#WatchAndPray Lent reflections - Week 5: Thursday
Healing societyWeek 5: Thursday
Mark 5.1-13
They came to the other side of the lake, to the country of the Gerasenes. And when he had stepped out of the boat, immediately a man out of the tombs with an unclean spirit met him. He lived among the tombs; and no one could restrain him any more, even with a chain; for he had often been restrained with shackles and chains, but the chains he wrenched apart, and the shackles he broke in pieces; and no one had the strength to subdue him. Night and day among the tombs and on the mountains he was always howling and bruising himself with stones. When he saw Jesus from a distance, he ran and bowed down before him; and he shouted at the top of his voice, ‘What have you to do with me, Jesus, Son of the Most High God? I adjure you by God, do not torment me.’ For he had said to him, ‘Come out of the man, you unclean spirit!’ Then Jesus asked him, ‘What is your name?’ He replied, ‘My name is Legion; for we are many.’ He begged him earnestly not to send them out of the country. Now there on the hillside a great herd of swine was feeding; and the unclean spirits begged him, ‘Send us into the swine; let us enter them.’ So he gave them permission. And the unclean spirits came out and entered the swine; and the herd, numbering about two thousand, rushed down the steep bank into the lake, and were drowned in the lake.

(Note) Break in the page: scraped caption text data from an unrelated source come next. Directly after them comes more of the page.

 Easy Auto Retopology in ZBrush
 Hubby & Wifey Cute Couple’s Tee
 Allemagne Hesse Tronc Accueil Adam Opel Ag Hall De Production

ReflectionThis healing miracle cannot be understood in full without paying attention to the clues in Mark’s text. The name of the man’s demons – “Legion” – is the name for the largest military unit of the Roman army. There was a Roman colonial outpost near Gerasa (or Gadara as Matthew refers to it). The shackling with iron was a particular Roman military method.
When we peel back the layers of the text we see Jesus encountering a community under occupation – from oppressive earthly and spiritual forces. Mark leaves us to discover that the society in which both the man and the community reside needs healing. The ‘demon’ here is systemic, hidden and deeply rooted.
Systemic evils such as racism, homophobia, misogyny and xenophobia often lie deep and hidden. Jesus offers the kind of healing that operates at the deepest level.
Reflect on military conflicts across our world.
...and prayfor the cultures and histories of violence to cease.